Мало того, что и с замурованных в
камень стен, и с холмов, держанных в
незаживающей деревенской глине, на
меня бросаются — скучающие
вещички, искусственно облетая свою
неброскую фортуну, перепихивая
себя через все грани, говорила
Почти Победительница, а теперь еще
свеженарастающие копиисты зла…
Это им, это вам я предлагала на
ощупь облаченного в чудные кожи, в
чудную лайку идола сострадания? Мои
надрывающие сердце брат и сестра
регулярно делают мне, одна из
центра мира, другой из средоточия
природы — распертые каменные
отправления. Камень забот о сестре
и племяннике. Правда, все, от них
скатившееся — примыкающее, все не
выплеснет за радиус тела и всегда
отчего-то подточено — блузоны,
зашитые на виду, а вне вида
затаившие — жирное пятно, или
изнемогшие от существованья пальто, и перетершиеся
о чьи-то шеи и колотые кадыком шарфы
плюс ступившие на ребро
пространства и поправленные
косоручкой-сапожником сапоги, но те
и эти дружно лебезят, чтобы я нашла
им новое место в жизни. Я молила —
не хлопотать, я не стою стольких
ваших хлопот, избавьте меня от
регрессирующей материи…
Неблагодарную — от ваших реликвий!
Но что? Вчера — новый закатанный в
ящик осколок горы, я едва довлекла
его от почты — до себя. Чтоб ко мне
бросилась еще парочка подгулявших
туфель, еще один отгоревший плащ,
надорван — так ведь не на фасаде, а
на спине, вы уверены, что кто-то
смотрит вам вслед? Меховая шляпа,
забритая в плюш — в этот, что уже
коптит на мне… жакет всего с одним
мазком краски, как японский
пейзаж… и, наконец, широчайшее
неизвестно что, версии — юбка без
корсажа, мешок без дна… Я
подсчитала — благодаря их заботам
вокруг нас двух хороводится
двенадцать пальто — жаль, ни в
одном не выйдешь, как это
свойственно художникам, напрямую
беседовать с Богом.
И пока процессия подающих несправедливости отроков беседовала с улицами — и дерзила им дерзкой вестью, и пока среди них был тот, кто не узнан, и претерпевал все больше перемен, Почти Победительнице, возможно, оставалась перебранка с временем. И, окатив его сдавленным неприятием, она следила под чем-то методично лазоревым и сквозь что-то враскачку, разворошенное жженьем и зноем — цеховщину зонтов в большом бордо, в приветах от вечно шипящего утоляющего: кока-колы, и за кем-то, полуоблаченным в белое, скорым на подачу, играющим на нескольких столешницах сразу — и ледники и соты, полные сладостным и жгучим: копошение искр, игры с солнцем, и под бликами бордо — группы молодости вкушающей, дерзящей городу и ветру в надкрылья ушей. И Почти Победительница полагалась на шумы веселья.

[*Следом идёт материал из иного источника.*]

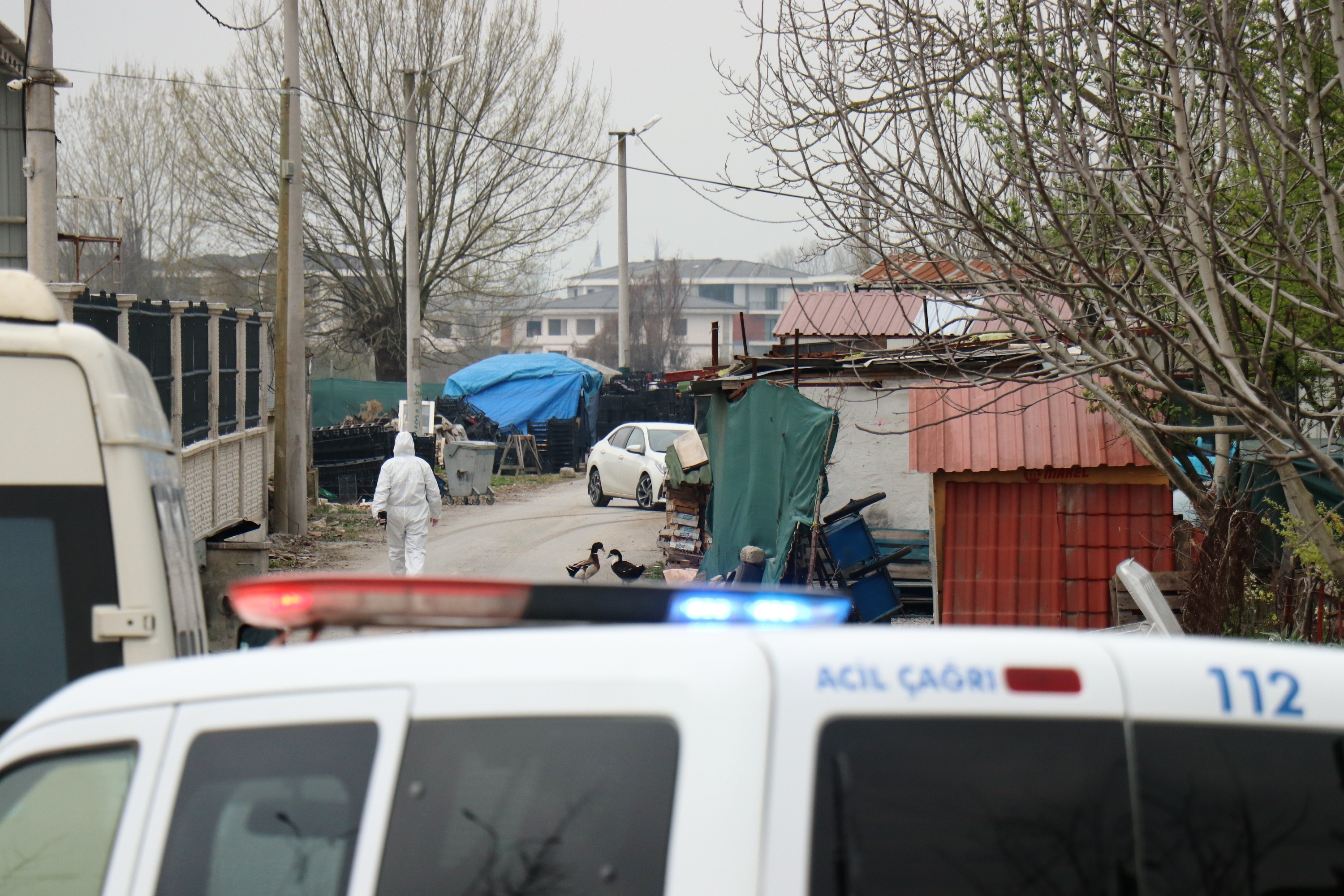 Sakarya şehir merkezinde bir sokak karantina altına alındı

Бросив процессию уменьшаться, безуспешно отставшая спросила одно утоляющее — под сенью больших бордо, на обочине вкушающих, отвернувших к себе — фрагмент пейзажа, оставив ей поле, и между делом — недослушанием ответов времени, подтасовкой — тянула злонравную независимость и препирательства не с соседями по бордо, но — с жадной стаей минут. Из сумки, чреватой дарами и приманками, вышел бывший пирог: проржавевшая яблоками половина — от назначавшейся кому-то, не отпечатленному здесь. И забывшийся в пластмассовом голубом эфесе нож — юниоры не ведали среди многого, что невинные разнашивают в пазах и складках — ножи. Все уже выкладывалось напрямую и при том звенело, ржавое съедалось, остальное предлагалось птицам. Но пока Почти Победительница жевала свой уже дисперсный от пыли полуптичий полупродукт, в ее авральной работе, в этих быстрых и мелких суетах лица ее — даже под прогрессирующей молодостью — вдруг являло себя зарядившее, как дождь, время, и страх, и абсолютное одиночество.

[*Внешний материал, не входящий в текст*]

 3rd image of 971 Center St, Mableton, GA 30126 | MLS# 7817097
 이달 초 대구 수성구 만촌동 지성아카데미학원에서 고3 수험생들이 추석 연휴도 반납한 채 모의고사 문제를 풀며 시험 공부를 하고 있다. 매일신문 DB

Пегий и горбатый голодранец, вынося из полузахлопнутого тома спины — долгие закладки рук, обходил в тылу сидящих — отринутые столешницы, тлеющие неубранными посудами. И, прижмурив пегие ресницы, чтоб исчезнуть из глаз соглядатаев, выбирал из посуд — золотые мешочки с чаем и укладывал в собственную кружку, намятую ему — самой жестью, и пускал в собственный мешок, отрыгнутый ему — самой рогожей.

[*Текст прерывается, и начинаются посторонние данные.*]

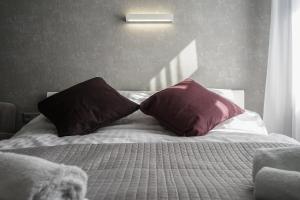 Łóżko lub łóżka w pokoju w obiekcie oompH Koszyki Luxurious Apartments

Свидетельствующие и тех, и этих часы на стене выбрасывали единственную карту с таинственным значением — 19.30. Но верхний воспаленный угол девятки угасал, и на карте вдруг являлась пятерка, и время было уже — 15.30, а после — снова… и все существовали сразу в двух временах, в каждом безнадежно повторяясь и не ведая продвижения и преображения.
— Я тоже в
каком-то из вариантов наблюдала
Почти Победительницу, впрочем, в те
же минуты провожая компанию
криводушных отроков. Мой
нестройный маршрут, конечно,
начертало желание отчитать
юниорам — басню
с моралью или апологи в пользу
Добра и снисхождения к ближним:
прощение, переходящее в увлечение и
так далее… Разумеется, я скопила пороков
больше, чем расчет отроков — и не
менее убегающей воды, отравленной
отражением Пасифаи и Федры, но
готовить фразу… но — обойти их в
карающем языке, в судейском гласе,
предстать — не прохлопавшим смысл
никем с почетной кухонной лентой
через плечо, но — герольдом от
царствующего закона… Впрочем, в те
же минуты меня провожали животные
тени — пес Подозрение и гусыня
Надежда: а вдруг у отроков
соберется что-то — и для меня?
Невзирая на провинциальность —
мою или их… Цинично распотрошить
их почтовые души, и погнуть прутья и
найти на дне пустозвонства —
какое-нибудь интересное мне
сообщение, возможно — важнейшее
послание. А они дожидались, когда я
разведу обходительные речи и
проговорюсь — равнодушием, чтоб
зажечь мной — новое веселье. Чтоб
сказать, что вряд ли, соблюдая
себя — в чистоте и
жизнеутверждающей атмосфере, как
рекомендуем им я и кто-нибудь
победительный, они могут облечь так
запросто — то, что меня волнует, в
провинциальные жанры, бросить на
растерзание — челяди слов, войне
всех со всеми… Но я избыточна не
меньше, чем эти вечные копиисты, и
обрушу на них — столько, что
истинное проглотит цену. К тому же
кто-то из них постоянно
отвлекается, полагая: как только
начинаешь присматриваться к
действительному — оно ужасает.
Возможно, Почти Победительница
пыталась найти как раз
отвлекшегося.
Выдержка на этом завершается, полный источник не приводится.